• TASK OBJECTIVE: Would you transcribe each entry precisely as it stands, setting aside any images?

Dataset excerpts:
Start of Block

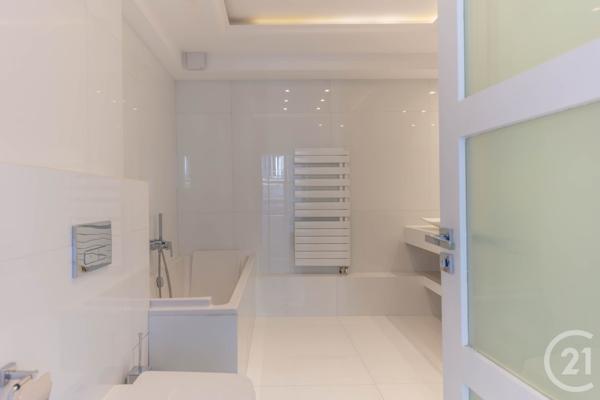 Appartement F3 à vendre  3 pièces - 115,78 m2 PARIS - 75016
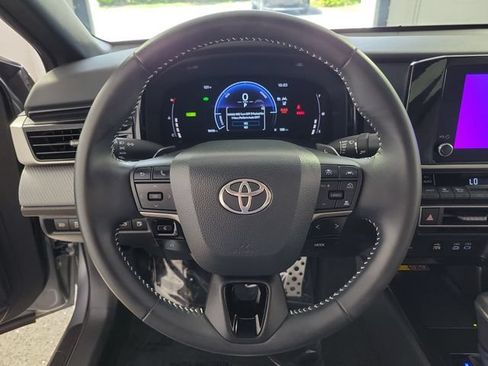Used 2025 Toyota Camry SE FWD image 26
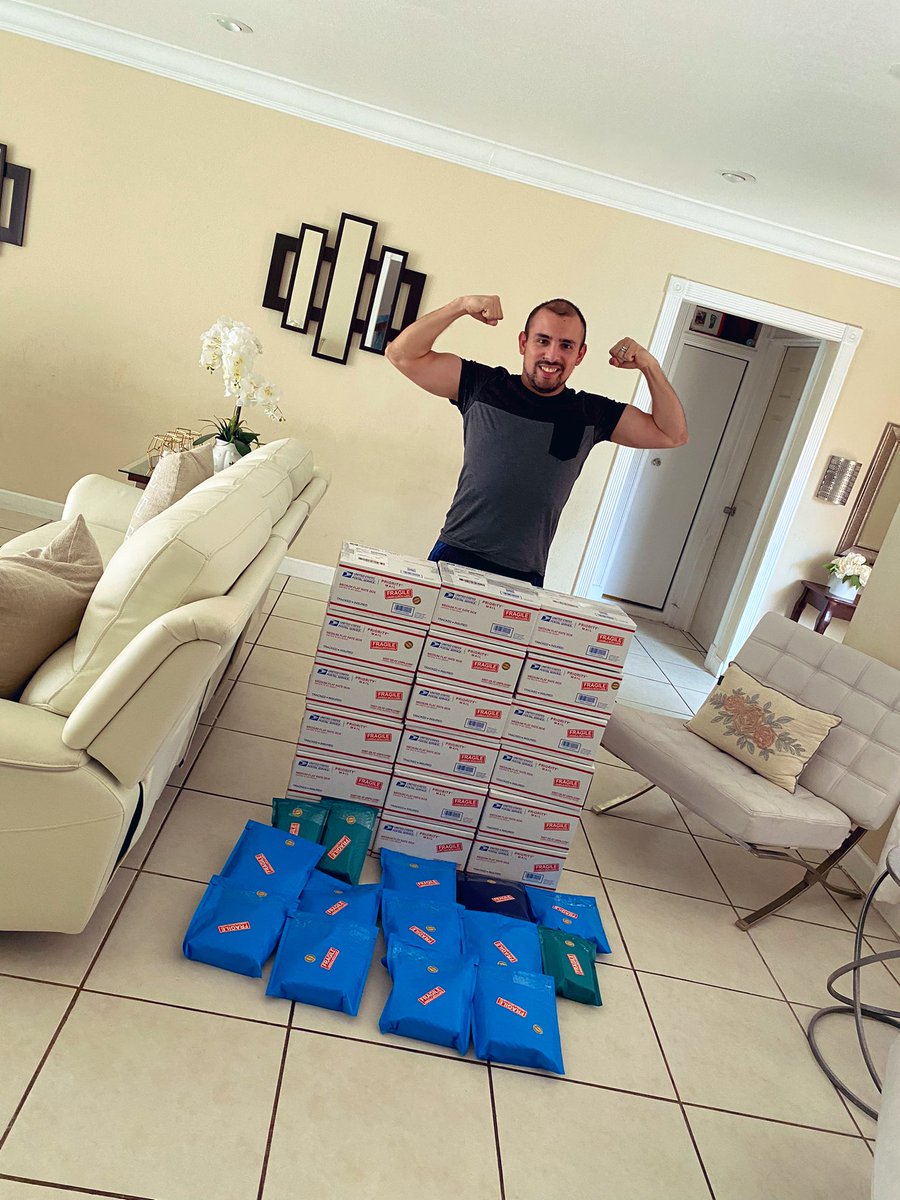 LuisFajardoHN's tweet photo. Hoy solo pude enviar la mitad porque se me acabó el producto pero mañana continúo porque vienen tres cajas más 😎😎 #HiBody #Reto21Días perdé hasta 40 libras en apenas 21 días con Hi Body 😎😎 ¿no me crees? Escribime y comprobalo, WhatsApp 786-612-6436. Envío gratis a USA y HN. https://t.co/I9yxLekrjm
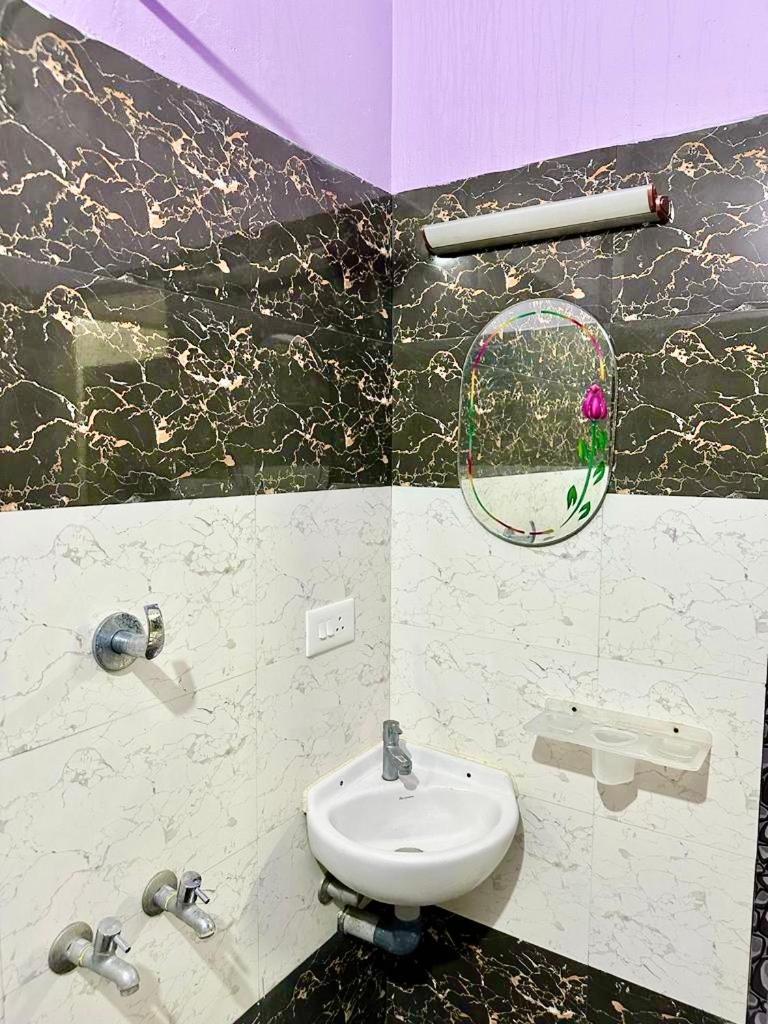 Tamizh Nest - தமிழ்க்குடில் Villa Kanyakumari Exteriör bild
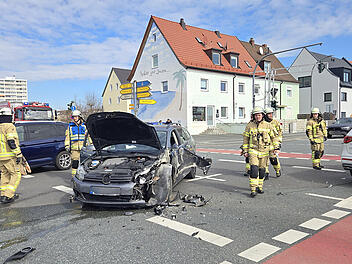 Bamberg: Frontalcrash auf Berliner Ring - übrig blieben "Wracks" Bamberg: Frontalcrash auf Berliner Ring - übrig blieben "Wracks"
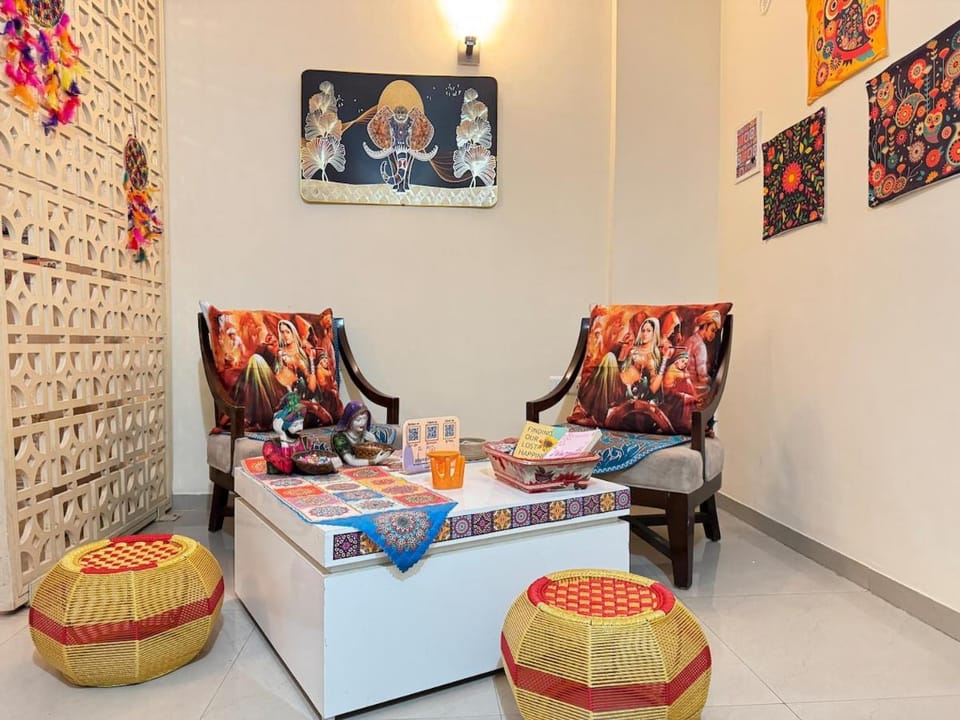 Elegant, Theme Based 1RK Homestay Near Prem Mandir Apartment in Uttar Pradesh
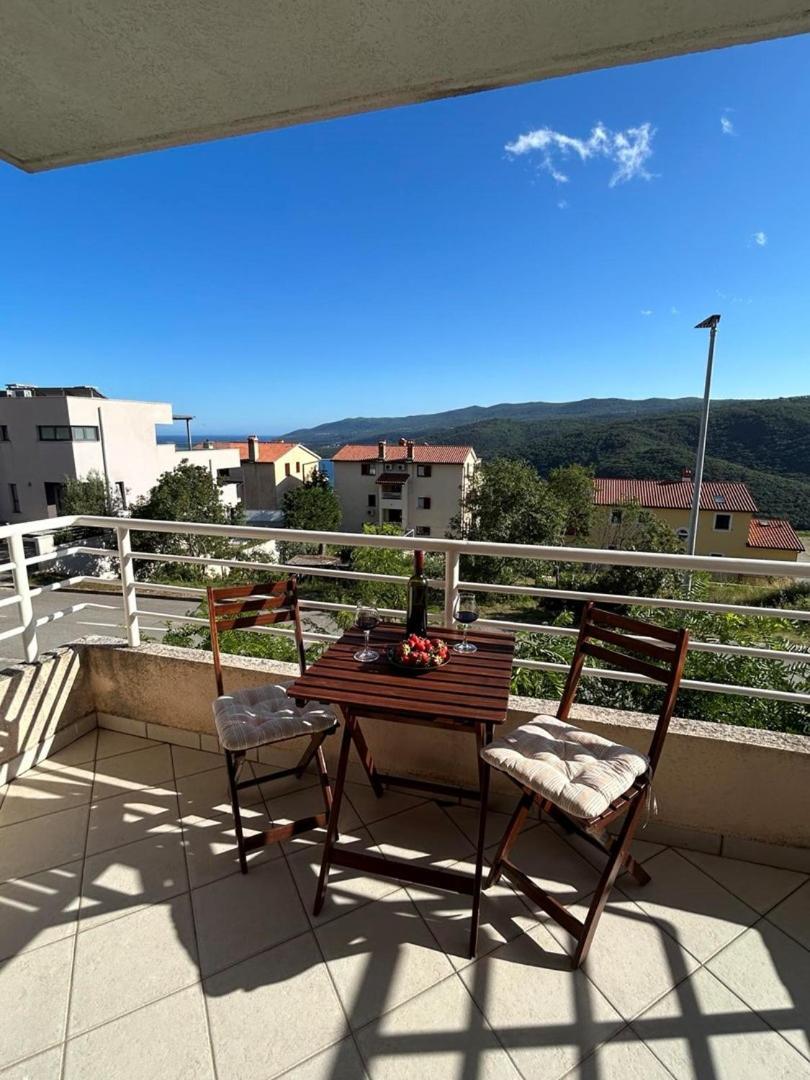 Gorgeous Biserka Apartment Near The Sea Рабац Екстериор снимка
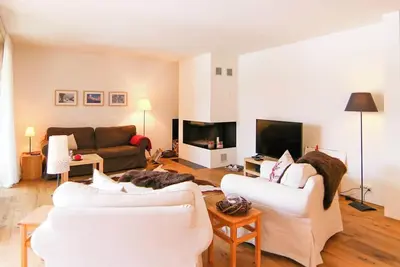 Image de Salis 02 by Arosa Holiday Appartement/Fewo, Dusche und Bad, Wc, 4-Bettwohnung by Interhome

End of Block

• REPLY:
 Appartement F3 à vendre  3 pièces - 115,78 m2 PARIS - 75016
Used 2025 Toyota Camry SE FWD image 26
 LuisFajardoHN's tweet photo. Hoy solo pude enviar la mitad porque se me acabó el producto pero mañana continúo porque vienen tres cajas más 😎😎 #HiBody #Reto21Días perdé hasta 40 libras en apenas 21 días con Hi Body 😎😎 ¿no me crees? Escribime y comprobalo, WhatsApp 786-612-6436. Envío gratis a USA y HN. https://t.co/I9yxLekrjm
 Tamizh Nest - தமிழ்க்குடில் Villa Kanyakumari Exteriör bild
 Bamberg: Frontalcrash auf Berliner Ring - übrig blieben "Wracks" Bamberg: Frontalcrash auf Berliner Ring - übrig blieben "Wracks"
 Elegant, Theme Based 1RK Homestay Near Prem Mandir Apartment in Uttar Pradesh
 Gorgeous Biserka Apartment Near The Sea Рабац Екстериор снимка
 Image de Salis 02 by Arosa Holiday Appartement/Fewo, Dusche und Bad, Wc, 4-Bettwohnung by Interhome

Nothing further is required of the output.